= Jacob Weiss =

Jacob Weiss (August 21, 1750 - January 9, 1839) was a Revolutionary War officer and an early coal businessman. During the Revolution, Weiss served as the Quartermaster-General under General Nathanael Greene. After the war, he and several business partners ran coal mining operations in the Lehigh Valley.

== Early life ==
Jacob Weiss was born in Philadelphia, Pennsylvania on August 21, 1750. He was the son of native German physician John Jacob Weiss, who emigrated to Philadelphia in 1740. His father became a citizen on September 27, 1740. He later married Rebecca Cox on October 14, 1746, and purchased land in the area of Fort Allen, which would become later known as Lehighton and Weissport. They had 11 children, one of whom was Jacob Weiss.

== Military career ==
Early in his military career, Jacob Weiss served for the first company of the Philadelphia Volunteers under Captain Cadwalader. He was then appointed acting Quartermaster-General by General Mifflin. After only serving one tour of duty, he was appointed Quartermaster-General and served under General Nathanael Greene of the Continental Army. After serving under Gen. Greene, Weiss was assigned a post in 1780 as the Deputy Quartermaster General in Easton, Northampton County, Pennsylvania. This was under considerable recommendation of his previous post served under General Greene. His last move of the service was in 1780 to a place called Nazareth, Pennsylvania, with his family. Weiss then concluded service there in 1783. He returned to his home in the Lehigh Valley and purchased a tract of land next to the Lehigh River, then called New Gnadenhuetton, from the Moravians who lived there.

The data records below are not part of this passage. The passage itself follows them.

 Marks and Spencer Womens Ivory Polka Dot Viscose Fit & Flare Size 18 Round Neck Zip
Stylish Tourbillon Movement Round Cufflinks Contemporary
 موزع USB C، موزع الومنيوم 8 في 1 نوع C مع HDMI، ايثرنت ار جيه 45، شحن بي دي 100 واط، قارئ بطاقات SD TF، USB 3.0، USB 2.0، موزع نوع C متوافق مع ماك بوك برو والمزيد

== Coal Industry founding father==
According to local historians, Philip Ginder, often called Ginter, made the early discovery of coal in this remote area in 1791. Ginder was a local miller who was out hunting along "Sharpe Mountain" and found an outcrop of a hard rock that was called "stone coal", or anthracite, which he recognized as possibly being coal. To verify this discovery, Mr. Ginder gave it to Col. Weiss the very next day. Col. Weiss said he would give Mr. Ginder 300 acre of land if he showed where the coal was found, and Mr. Ginder agreed to the deal. Col. Weiss took the specimen by horseback to Philadelphia and had it further inspected by John Nicholson, Michael Hillegas, and brother-in-law Charles Cist (printer); Hillegas had been the Treasurer of the United States under the Continental Congress through the American Revolution. Upon authentication, Weiss was authorized to grant Ginter what he propositioned for his discovery upon pointing out the exact location where it was found. Ginter built a mill on the tract of land he acquired but was later deprived of it by the owner who had filed a prior claim at the US patent office.

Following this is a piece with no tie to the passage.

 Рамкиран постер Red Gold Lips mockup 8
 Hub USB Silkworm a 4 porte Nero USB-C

Weiss, Hillegas, and Nicholson in 1791-92 were some of the original investors in the Lehigh Coal & Navigation Company (LCMC) which was later part of the historic merger which formed the influential and historically important Lehigh Coal & Navigation Company (LC&N)—anthracite was known of, but it was not known well. How to get 'Stone Coal' to burn easily or reliably was another question, yet the Eastern Seaboard was suffering the same sort of deforestation that had occasioned the use of coal in Great Britain.
Unlike Europe, the young American nation did not have millennium of commerce to wear cart navigable, if poor and muddy, roads between cities. Most roads were still trails unfriendly to any vehicle with axles. Travel by water was the only fast way to get anywhere, and the only effective way to ship heavy or bulky goods, and anthracite coal was both.

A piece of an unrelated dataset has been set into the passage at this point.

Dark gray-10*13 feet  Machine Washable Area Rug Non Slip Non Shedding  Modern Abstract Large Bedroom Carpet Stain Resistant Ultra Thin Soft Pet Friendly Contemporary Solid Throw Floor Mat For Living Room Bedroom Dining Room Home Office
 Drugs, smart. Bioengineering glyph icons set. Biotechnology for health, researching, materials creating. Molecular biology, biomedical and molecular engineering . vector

Meanwhile, infant American industries and the wealthy in the other former colonies were importing fuels. Companies were even shipping coal from England and Virginia for American cities to use for heat or power. Early on in 1792 this new LCMC company attempted to be the first that regularly brought coal down from Summit Hill, Pennsylvania across Pisgah Ridge in the rough terrains typical of the ridge channeled mountainous areas of the Southern Anthracite Coal Region of Northeast Pennsylvania. The trip down from the mine necessitated the use of pack mules and then later with some road improvements, oxen and carts to transship the sacks or baskets of coal down hill 8-9 miles (12.9-14.5 km) to load the coal into sturdy boats, probably along the river banks now occupied by the village of Packerton at the mouth of Beaverdam Run or along the nearly parallel Mahoning Creek (which bisects nearby Lehighton)—both are right bank tributaries on the Lehigh River on the opposite shore from Colonel Weiss's Weissport, Pennsylvania.

Getting the anthracite mined and then down to the Lehigh River; a right bank tributary of the Delaware River, and so a way down to Philadelphia or even the relatively nearby Iron foundries of Allentown and Bethlehem was only part of the transportation problem & solution— for the river had spates of rapids and was infamously treacherous. As recently as 1817 3 of 5 barges foundered on their way down the river, an event which triggered the founding of the 'Lehigh Navigation Company', and occasion a new management team taking over the LCMC in 1818—this eventually led (1820) to the formation of the company which built the Lehigh Canal and the America's second railroad when the LCMC couldn't deliver coal regularly nor reliably.

== Later life ==
Weiss died in Weissport, Pennsylvania on January 9, 1839.